Die ungarische Regierung hat einen neuen Verfassungsentwurf vorgelegt. Weil Fidesz im Parlament über eine Zwei-Drittel-Mehrheit verfügt, konnte sie den Text im Alleingang bestimmen. Auf die Veröffentlichung des Verfassungsentwurfs wurden ca. 100 Änderungsanträge eingereicht. Diese stehen nun zur Diskussion, wobei mehr als die Hälfte der Anträge aus der Feder von Fidesz und Christdemokraten kommen, 25 von der rechtsextremen Jobbik, die einen faschistoiden paramilitärischen Arm unterhält und 22 von „unabhängigen Abgeordneten“.
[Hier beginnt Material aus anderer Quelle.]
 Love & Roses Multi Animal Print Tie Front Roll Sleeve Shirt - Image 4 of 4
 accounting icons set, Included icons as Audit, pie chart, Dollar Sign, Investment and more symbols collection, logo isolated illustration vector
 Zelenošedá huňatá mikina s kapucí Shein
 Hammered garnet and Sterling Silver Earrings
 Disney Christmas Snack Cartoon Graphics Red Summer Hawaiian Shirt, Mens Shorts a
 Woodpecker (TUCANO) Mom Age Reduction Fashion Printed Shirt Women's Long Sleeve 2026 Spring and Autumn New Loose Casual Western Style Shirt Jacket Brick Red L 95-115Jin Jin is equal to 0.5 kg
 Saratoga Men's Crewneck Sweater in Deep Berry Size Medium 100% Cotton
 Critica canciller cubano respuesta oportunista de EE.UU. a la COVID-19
Die Sozialisten boykottieren die Plenarsitzungen, weil sie das ganze Prozedere und die Inhalte für zutiefst undemokratisch halten. Die Opposition rief zu Demonstrationen für den Tag der Absegnung auf. Als Teil einer „nationalen Konsultation” wurde ein Fragebogen an alle Bürger mit der Möglichkeit versendet, Multiple-Choice-Antworten anzukreuzen. Das Ergebnis ist für das Parlament nicht bindend und deshalb kann ihre Auswertung bis zum 18. April abgeschlossen sein. An diesem Tag findet die endgültige Parlamentsabstimmung statt. Am 25. April soll die Unterzeichnung durch den Staatspräsidenten erfolgen. Es ist der Jahrestag des Wahlsiegs von Fidesz.
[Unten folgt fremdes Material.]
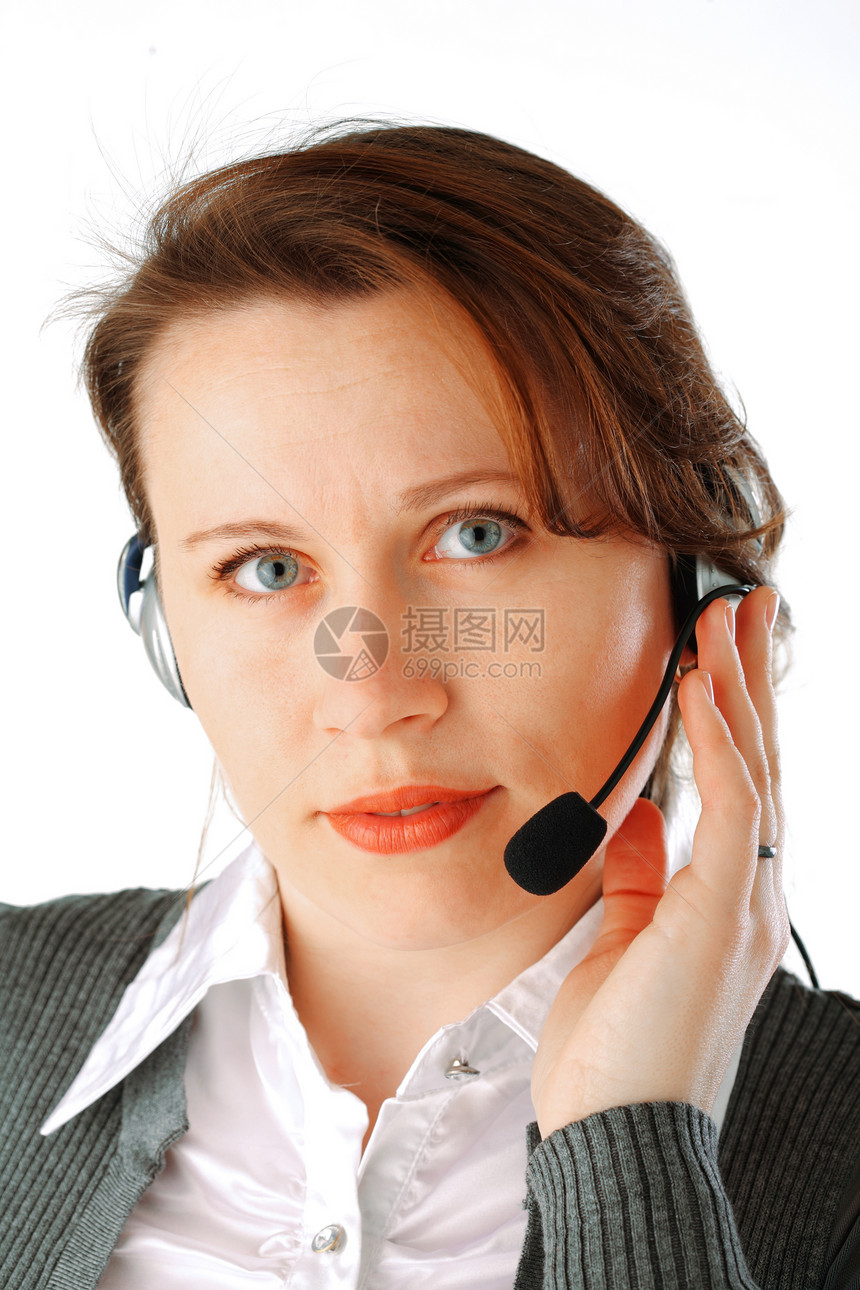 呼叫中心行政主管销售量技术职业头发白色快乐通讯电话耳机帮助图片
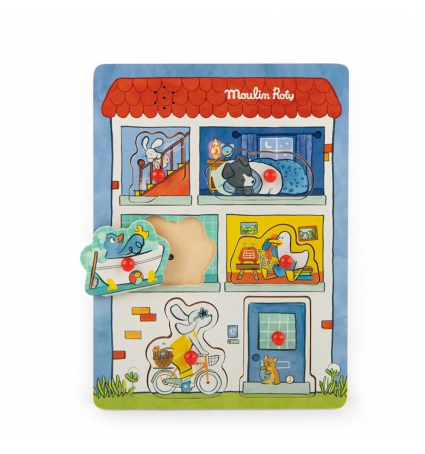 Puzzle Encajable Sonoro Moulin Roty Puce & Pilou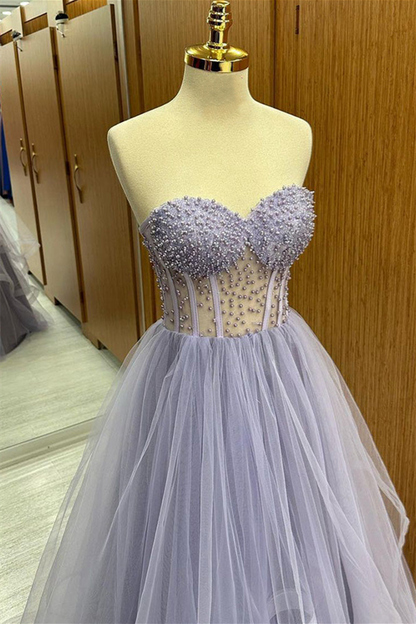 Brandy | Lilac Strapless Beaded Ruffle-Layers Tulle Long Prom Dress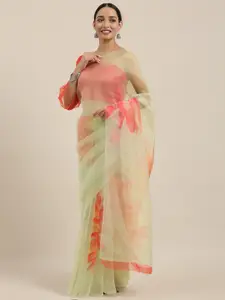 Rajnandini Green & Pink Organza Floral Printed Saree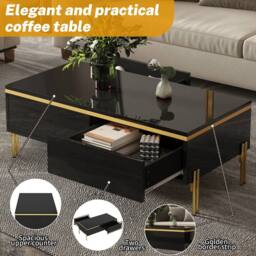 Merax High Gloss Rectangular Coffee Table with Gold Legs & Dual Drawers in Black - thumbnail 7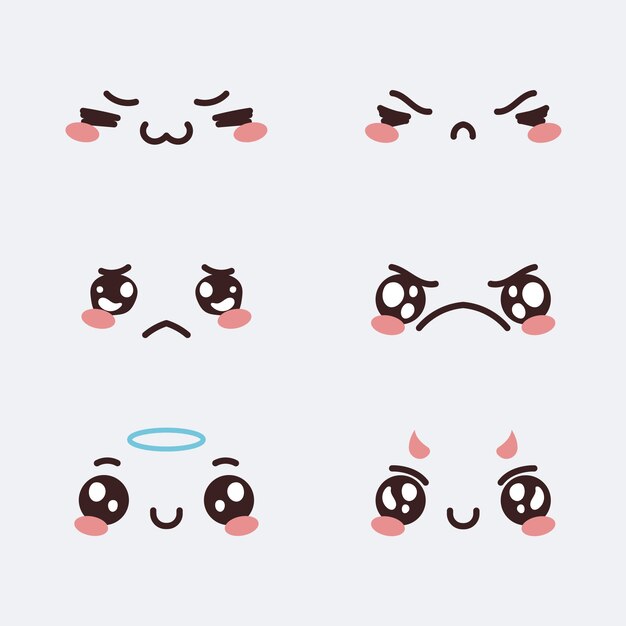 Colección caras kawaii planas dibujadas a mano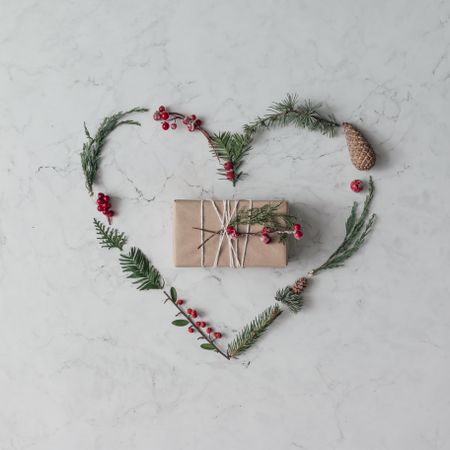 Heart shape made of winter foliage with brown present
In dem Verfassungsentwurf wird die durch „die Kommunisten unterbrochene historische Rechtskontinuität wiederhergestellt“, die 1949-1990 gültige Verfassung für ungültig erklärt. Das Regime, an das man hier symbolisch anknüpft, ist die faschistische Horthy-Regierung. Horthy musste 1920 die Bedingungen des Friedens von Trianon akzeptieren. Ungarn verlor dadurch zwei Drittel seines Vorkriegsterritoriums und ein Drittel seiner magyarischen Vorkriegsbevölkerung. Die Bestrebungen, das Königreich des Heiligen Stephan wiederherzustellen, führte Horthy zur Zusammenarbeit mit dem III. Reich. 1940 trat Ungarn dem Dreimächtepakt bei. Auf Befehl Hitlers erhielt Ungarn einen Teil von Rumänien.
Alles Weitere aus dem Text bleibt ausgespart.